Let's talk about that 'Avengers: Age of Ultron' interview
Everyone was stoked about Avengers: Age of Ultron, out May 1st, until things took an unexpected turn on the promotional circuit. On Wednesday, actors Chris Evans and Jeremy Renner gave an interview with Digital Spy to promote their new flick, and with one question, fans felt they crossed a line. When asked about rumors that Black Widow (played by Scarlett Johansson) was interested in pursuing relationships with both Captain America and Hawkeye (Evans’ and Renner’s characters) before ultimately ending up with Bruce Banner (aka the Hulk), the actors called her a “slut” and “a complete whore.” Renner then added, “She has a prosthetic leg, anyway.”
Here’s the clip so you can watch and assess for yourself.
Many took to social media to express their rage and disapproval over the remarks — and rightfully so. Evans and Renner’s comments were both sexist and ableist, implying that a woman’s interest in more than one person somehow makes her worthy of denouncement, and that her disability renders her undesirable.

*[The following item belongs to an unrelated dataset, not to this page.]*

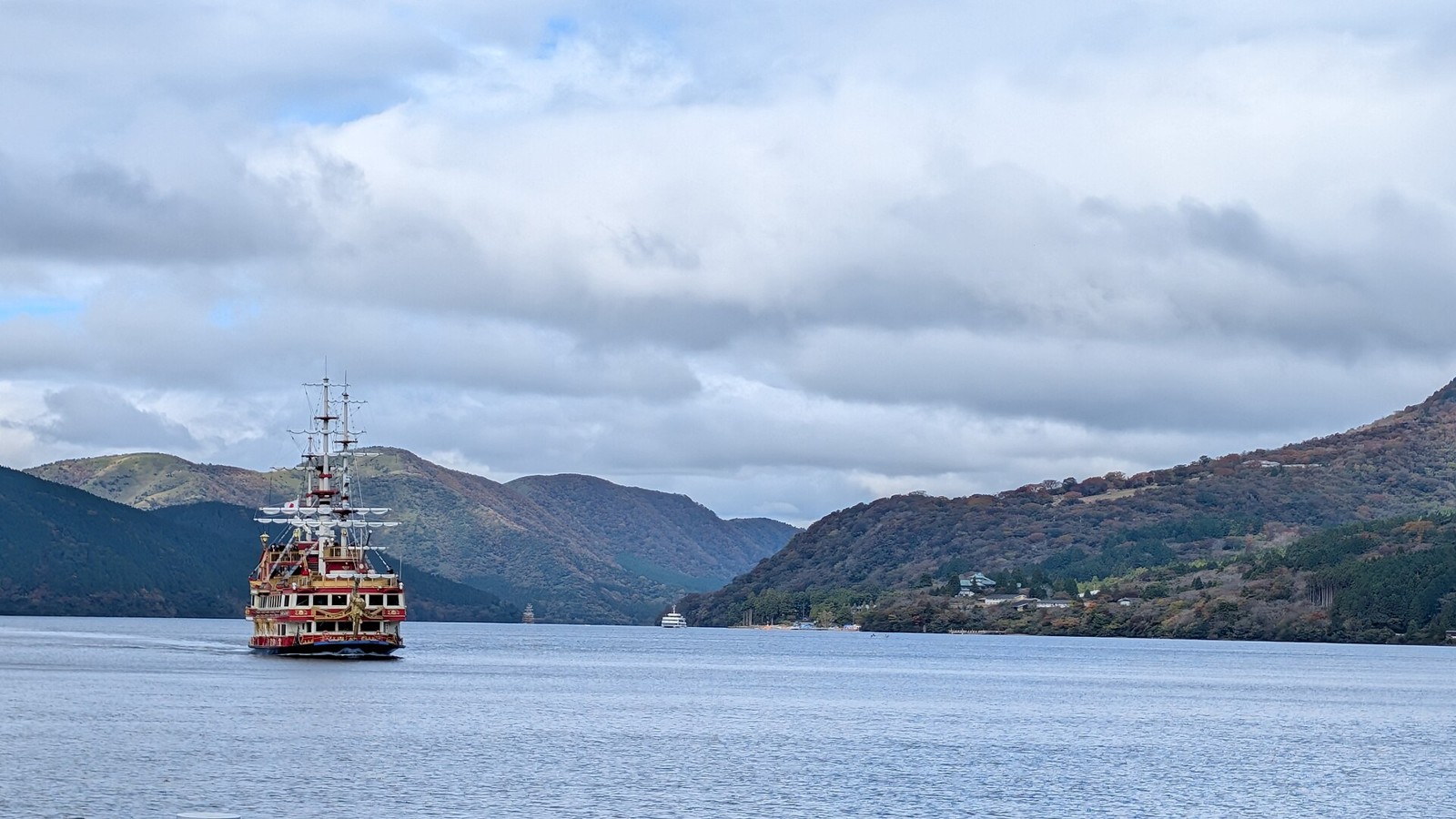 A red-and-gold pirate-style ship sailing on Lake Ashi, with forested hills under cloudy skies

It should go without saying that neither is true — and if you’ve seen Johansson’s portrayal of Black Widow, you know that she wouldn’t be having any of this. The remarks were offhand and (likely) meant without malice, but that doesn’t make them any less problematic — and we should talk about why that’s the case.
To be clear, we’re usually big fans of both Evans and Renner. They’re generally pretty likable celebs, and they’re both excellent in the Avengers movies. But that doesn’t mean they are without fault, and their remarks were absolutely not OK — particularly given how many young people look up to them (they’re superheroes, after all). Slut-shaming is deeply ingrained in our culture, and society still holds women to a different set of “standards” when it comes to sex and promiscuity. (To put it into perspective, Evans and Renner didn’t call Iron Man a “slut” or a “whore” for his love life before Pepper.) All people deserve to be treated with understanding and respect, and when our knee-jerk reaction is to belittle someone, it is essential that we ask ourselves why.
Ingrained prejudices are generally the ones we need to question and challenge the most, because those are often the most difficult for us to unlearn. We’re all guilty of having them, and the only way to overcome them is to face them head on. We shouldn’t be scared to be critical of our celebrity heroes, either. In March, writer Ijeoma Oluo penned a piece for Matter called “Admit It: Your Fave is Problematic.” The story was in response to the backlash Trevor Noah received for his offensive Twitter history after it was announced he would be taking over for Jon Stewart at The Daily Show.
“The fact that your fave is problematic isn’t a big deal ,” Oluo writes. “The big deal is if we ignore it.”
“Our reluctance to have an honest and open conversation about the flaws of celebrities we love stems from a simple fact: we see ourselves in them,” she continues. “If your favorite smart, talented, successful celebrity can be classist, sexist or racist then what does that say about you? Well, it says that you can be classist, sexist, racist, homophobic, or transphobic.”
Her point essentially is that we can’t be critical of our favorite celebrities without being a little critical of ourselves; but sometimes it’s necessary to go through that introspection. Evans and Renner have a serious opportunity to help change how millions of people view sexism and disability — and we hope they take advantage of it in the future. Today, Evans issued an apology in a statement from his publicist:
“Yesterday we were asked about the rumors that Black Widow wanted to be in a relationship with both Hawkeye and Captain America,” he said. “We answered in a very juvenile and offensive way that rightfully angered some fans. I regret it and sincerely apologize.”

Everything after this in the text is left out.